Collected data
⁂
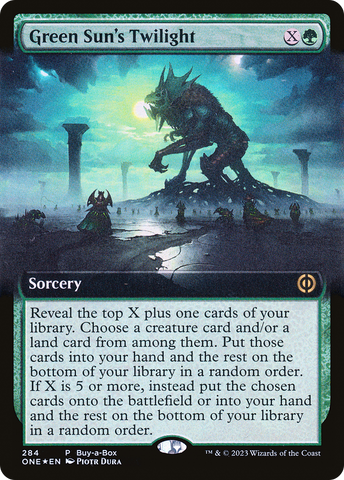 Green Sun's Twilight (Buy-A-Box) (Extended Art) [Phyrexia: All Will Be One] - The Mythic Store | 24h Order Processing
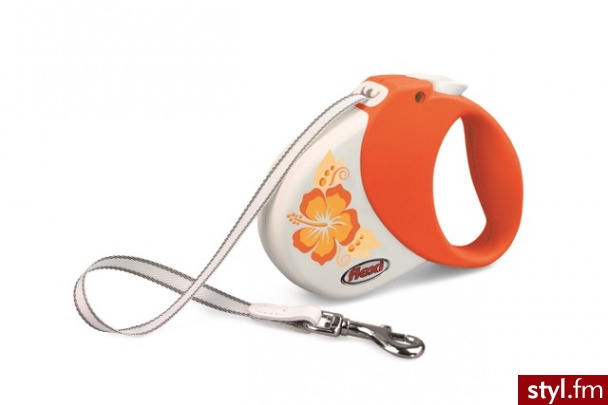 Flexi Smycz Hawaii Pomarańczowa - Psy Zwierzaki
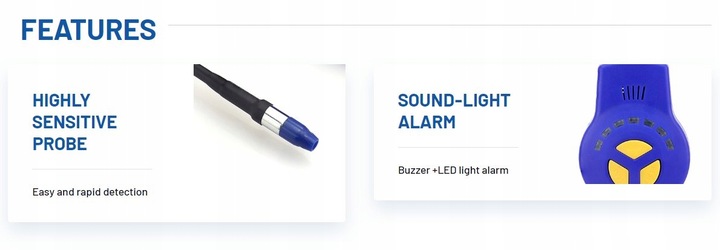 Wykrywacz nieszczelności czynników chłodniczych np. R134a R404a R410a R407c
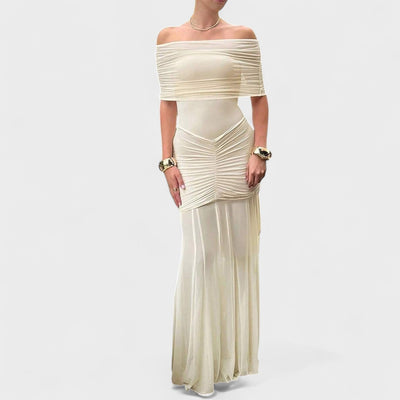 Tea - Dugačak pleteni haljina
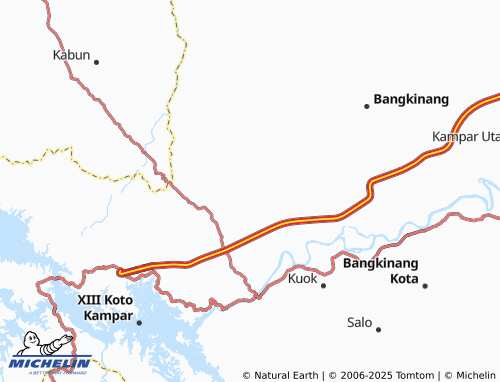 MICHELIN Empat Balai map - ViaMichelin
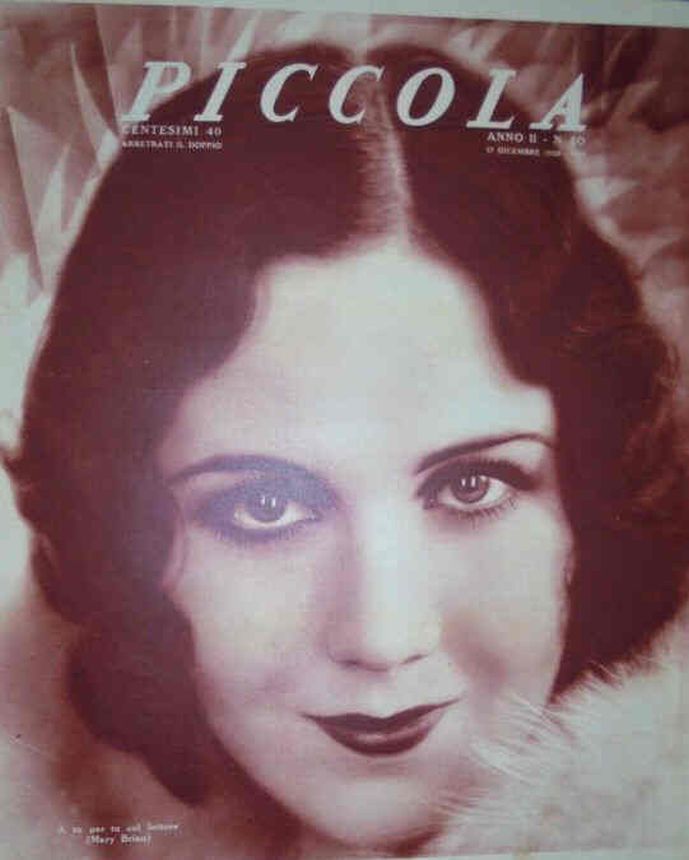 PICCOLA magazine side cover Issue 50 17 December 1929
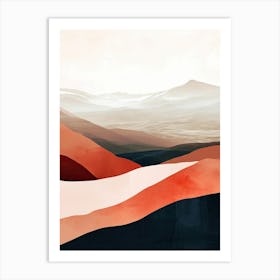 Abstract Mountains Art Print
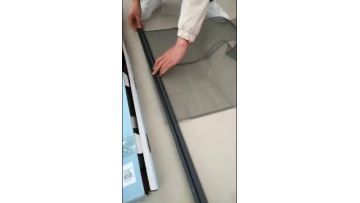Hand Free hanging door screen Fiberglass Magnetic Fly Screens screen door curtain1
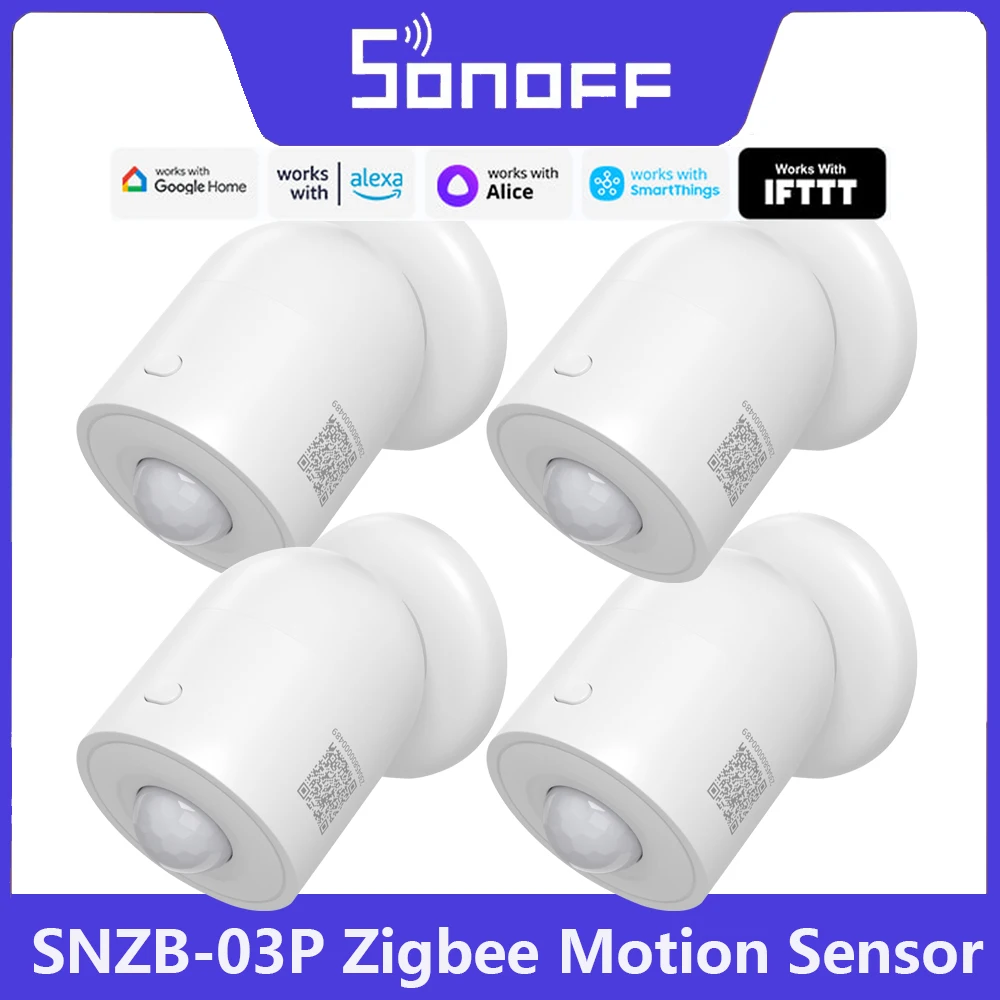 Sonoff SNZB-03P Zigbee Motion Sensor Home Security Local Smart Scene Linkage Via EWeLink APP Alexa Google Zigbee Hub Required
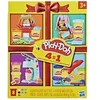 Image de Playdoh 4 mini coffrets classiques, Coffret coiffeur, vétérinaire, glaces et Fun factory, loisirs créatifs, des 3 ans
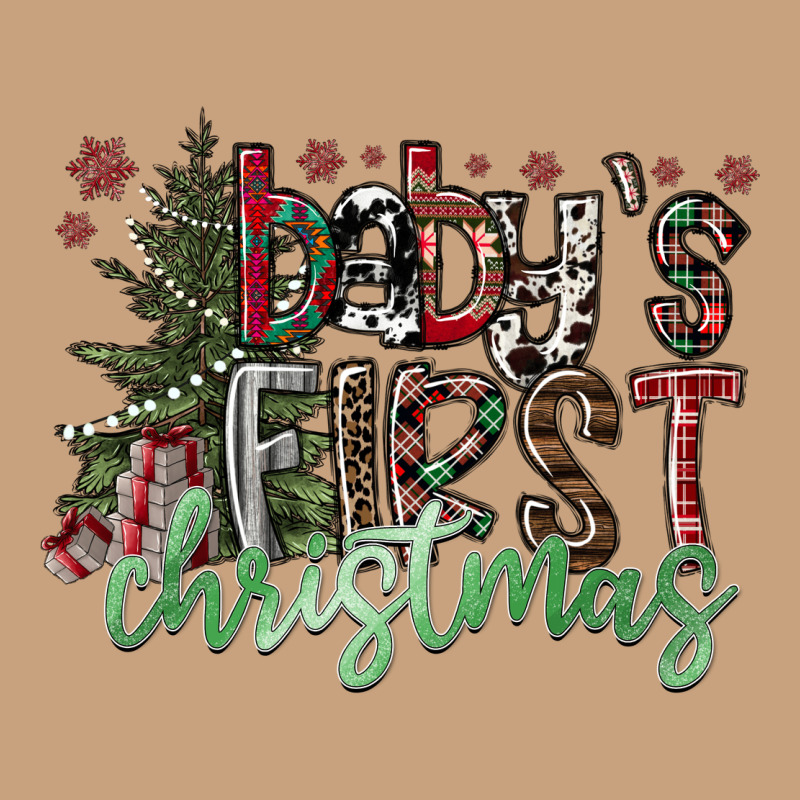 Baby's First Christmas Vintage Tee by CowhideDigitalArt | Teevron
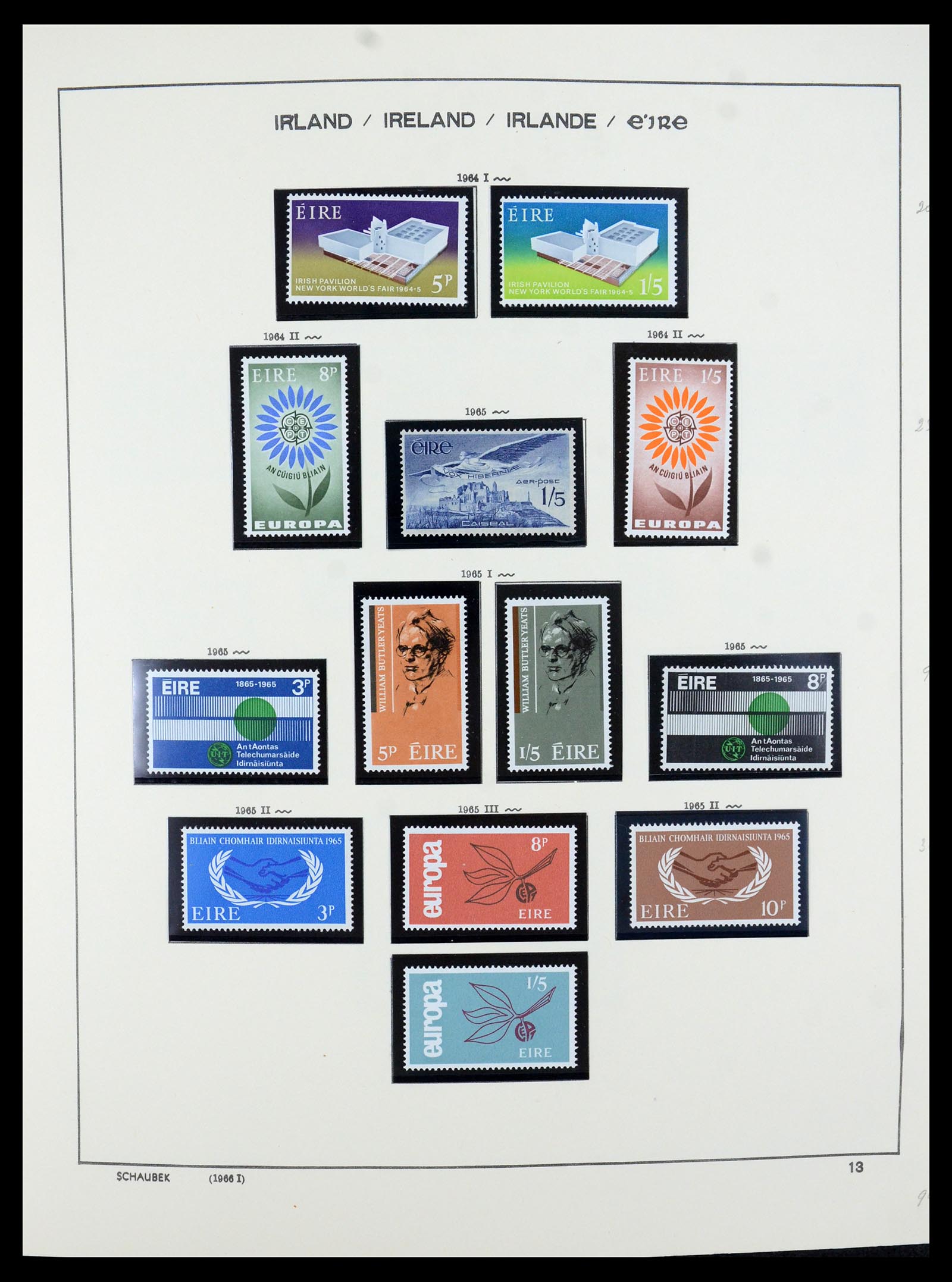 35607 020 - Postzegelverzameling 35607 Ierland 1922-1991.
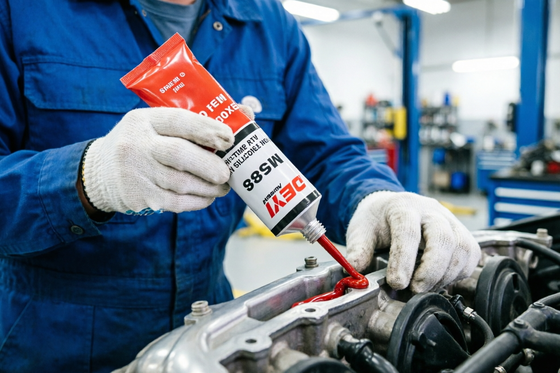 Sigillante rosso per guarnizioni RTV neutro ad alta temperatura di grado industriale M588 per applicazioni di tenuta efficaci e durevoli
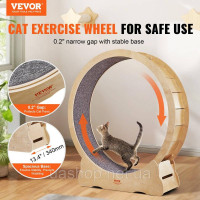 Vevor 313599 Колесо для котів 1320x340x1415мм Колесо для котів з березової та тополиної фанери Колесо для котів Малошумне Знімний
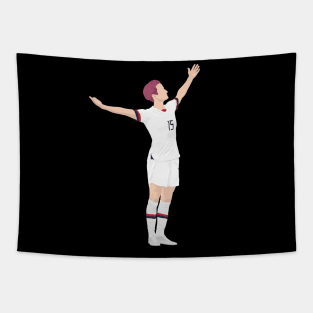 Women's soccer victory pose Tapestry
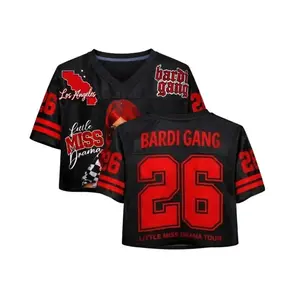 Little Miss Drama Tour 2026 Crop Top Football Jersey | All-Over Print Concert Fan Shirt, Trendy Tour Merch Gift, Gift For Her(838/842)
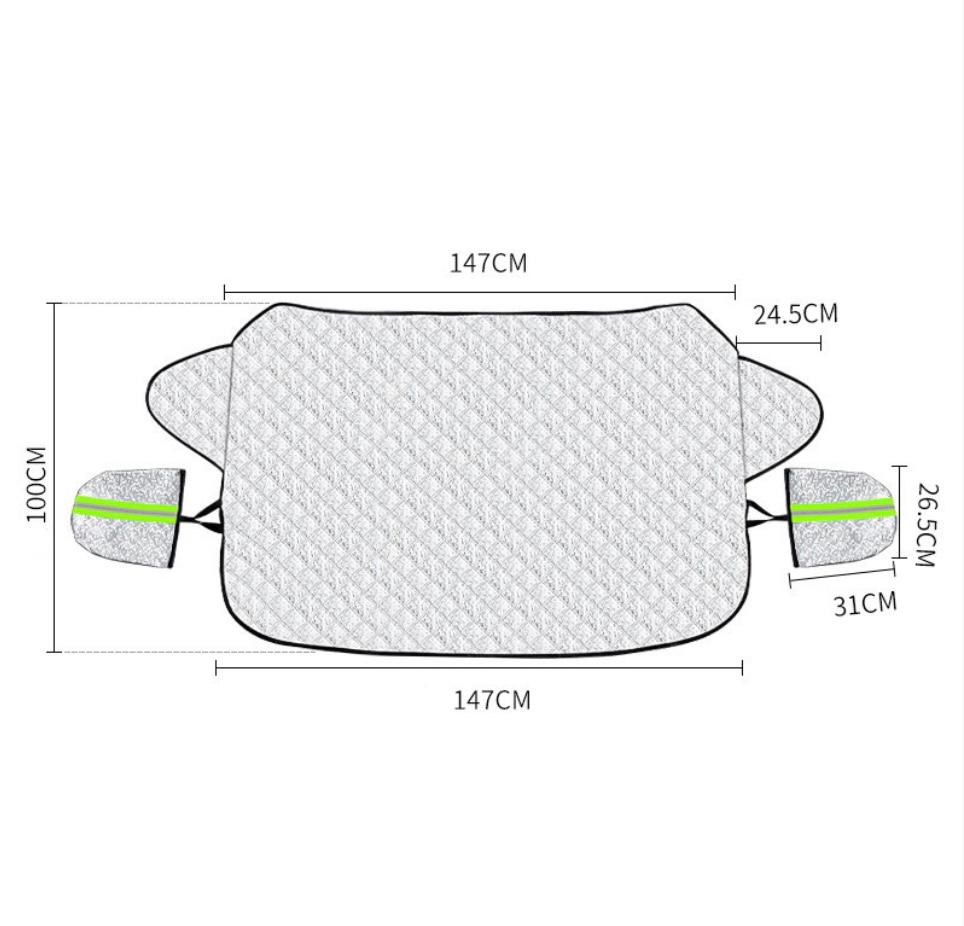 Husa Parbriz Auto – Protecție Zăpadă, Grindină și Soare, 150x110 cm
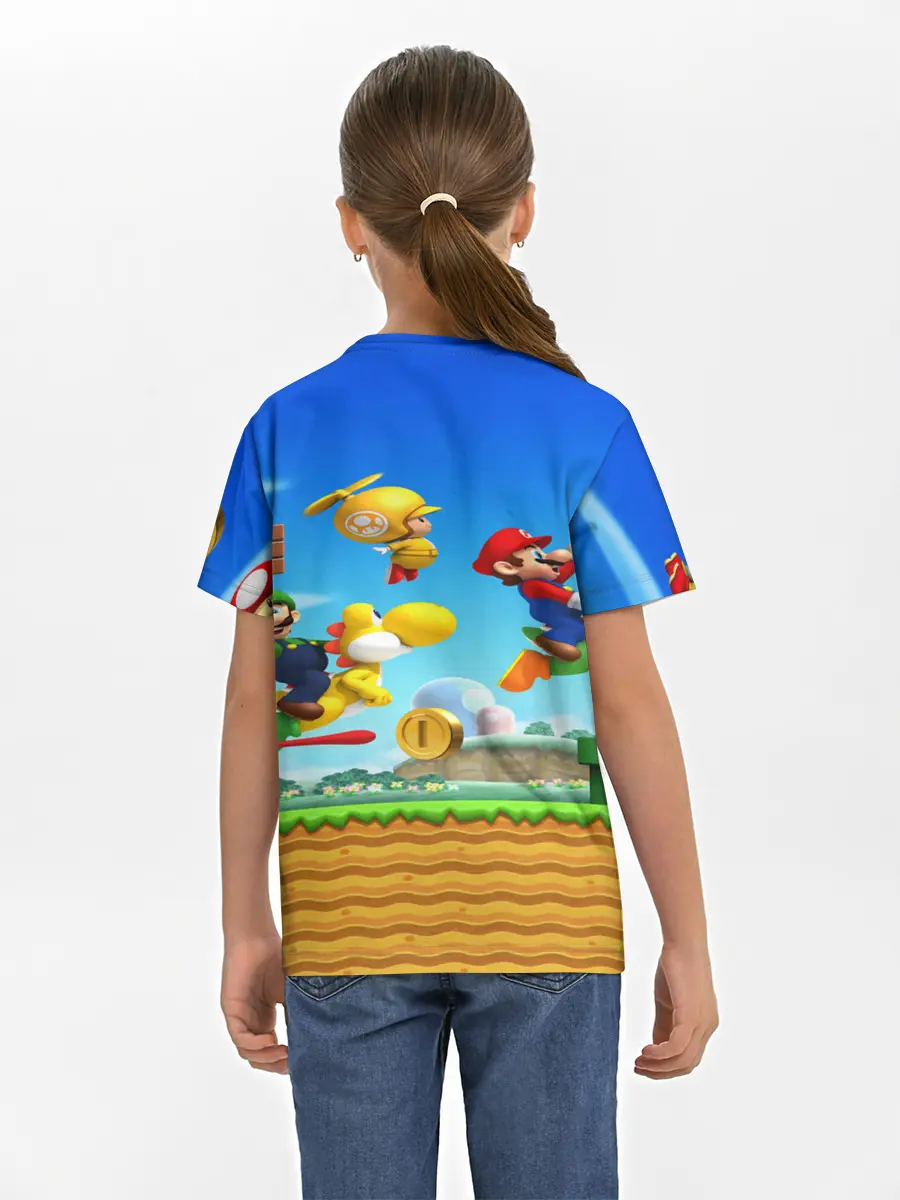 Детская базовая футболка / Марио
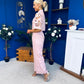 Gwen Detailed Crochet Top & Trouser Set Blush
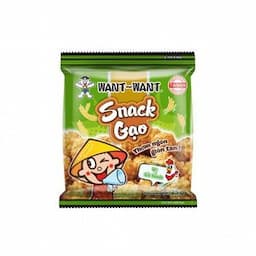 SNACK GẠO WANT WANT VỊ GÀ HÀNH 25G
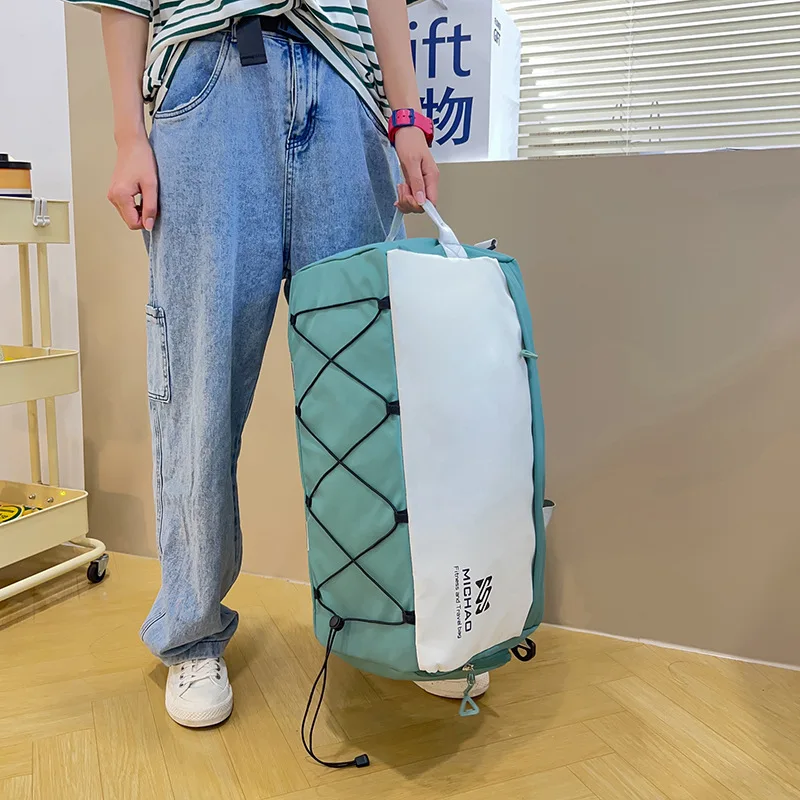 2024 New  Women Fitness for Dry and Wet Separation Training Sports Carrying Luggage Short Distance Travel Women's Large Capacity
⁂
:: ACTIVITY ::
Copy word for word the lines of the records above from the one with "MICHELIN Empat Balai map - ViaMichelin" up to and including the one with "Hand Free hanging". Skip the pictures.

:: TASK RESULT ::
 MICHELIN Empat Balai map - ViaMichelin
 PICCOLA magazine side cover Issue 50 17 December 1929
 Abstract Mountains Art Print
Hand Free hanging door screen Fiberglass Magnetic Fly Screens screen door curtain1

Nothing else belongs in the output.